Two Occupy Protesters Died on Thursday

Two Occupy Protesters Died on Thursday

Two unrelated deaths at Occupy encampments last night -- at Occupy Burlington and at Occupy Oakland -- are together making headlines this morning and casting a shadow on the movement nationally. The first death, in Vermont, appears to have been a suicide: "police said preliminary investigations show a 35-year-old military veteran fatally shot himself in the head Thursday," the AP reports. "It had been a good relationship between police and protesters since the encampment began Oct. 28, city officials said," according to the Burlington Free Press, but now those relations are now being strained in the wake of the apparent suicide. After the city decided to shut down the encampment to investigate the shooting, "Some protesters shouted they would fight," prompting the mayor to personally talk the protesters down from rioting.

RELATED: Chaos Continues in Oakland After Protesters Shut Down Entire Port

The situation at Occupy Oakland, though, needed no further straining.

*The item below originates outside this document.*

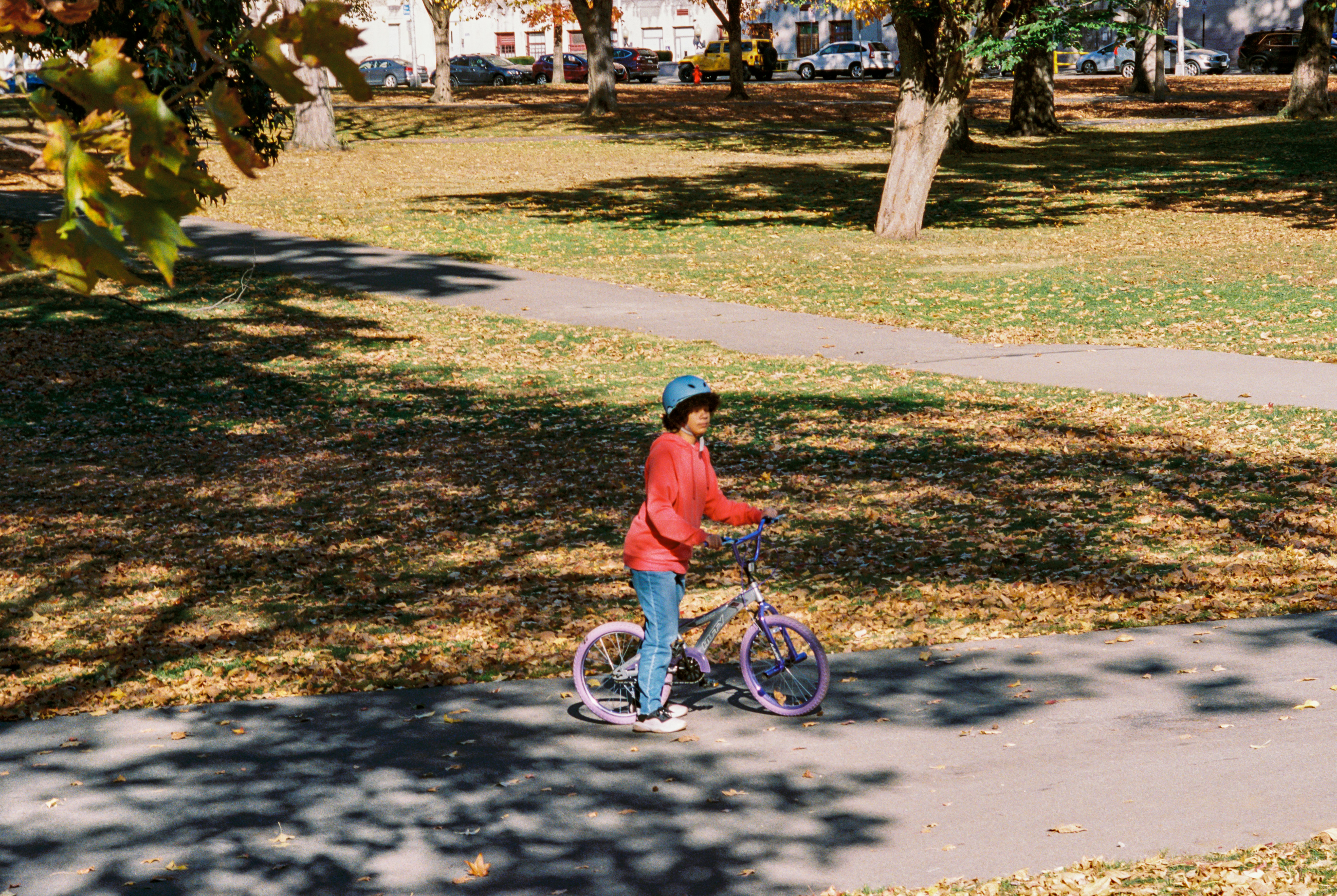 A young boy riding a bike down a sidewalk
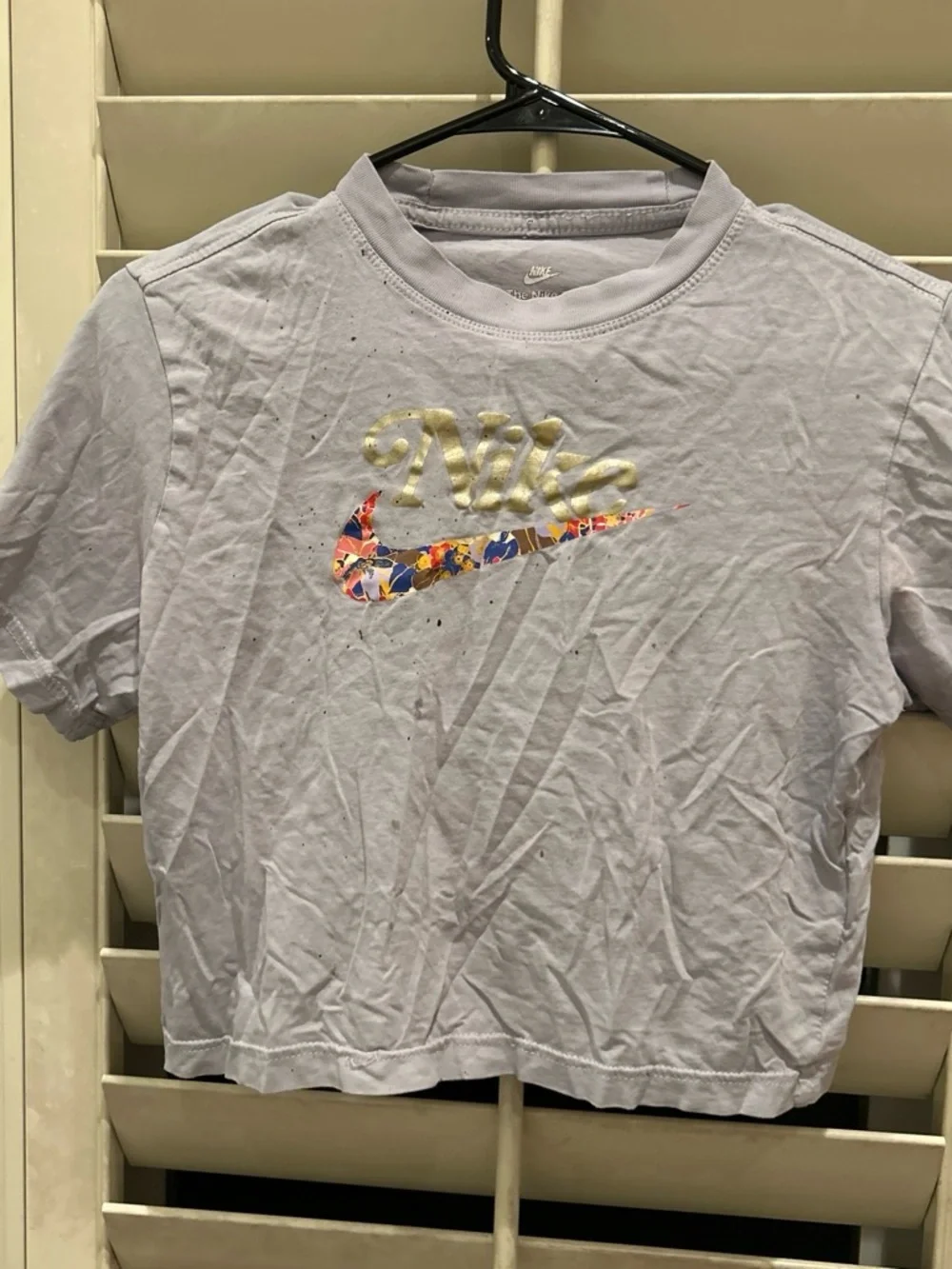 Nike White Tee with Multicolor Floral Swoosh and Gold Script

About three hours after the Vermont shooting, at 5 p.m., a man was shot outside of Oakland's City Hall, the San Francisco Chronicle reports. "The man, whom several Occupy campers said they did not recognize, was shot in the head at about 5 p.m. outside a BART station exit in Frank Ogawa Plaza." Oakland Occupiers don't think their people had any part of the killing, distancing themselves from the incident by chanting "This is not Occupy Oakland" over a police commissioner's address to reports. Oakland's mayor seems to disagree. "The risks are too great for having an encampment out there," mayor Jean Quan said at a press conference, according to the Chronicle. "It's time for the encampment to end." Though Occupy Oaklanders obviously want to keep their camp, today many of them are simply responding by holding vigils for the victim (one pictured above).

RELATED: Occupy Oakland's Tent City Is Gone

Meanwhile, at Occupy Atlanta, everybody (i.e., two protesters) is contracting tuberculosis, WGCL-TV reports. News of that comes as The New York Times reports on growing health concerns of the "Zuccotti lung" at Occupy Wall Street.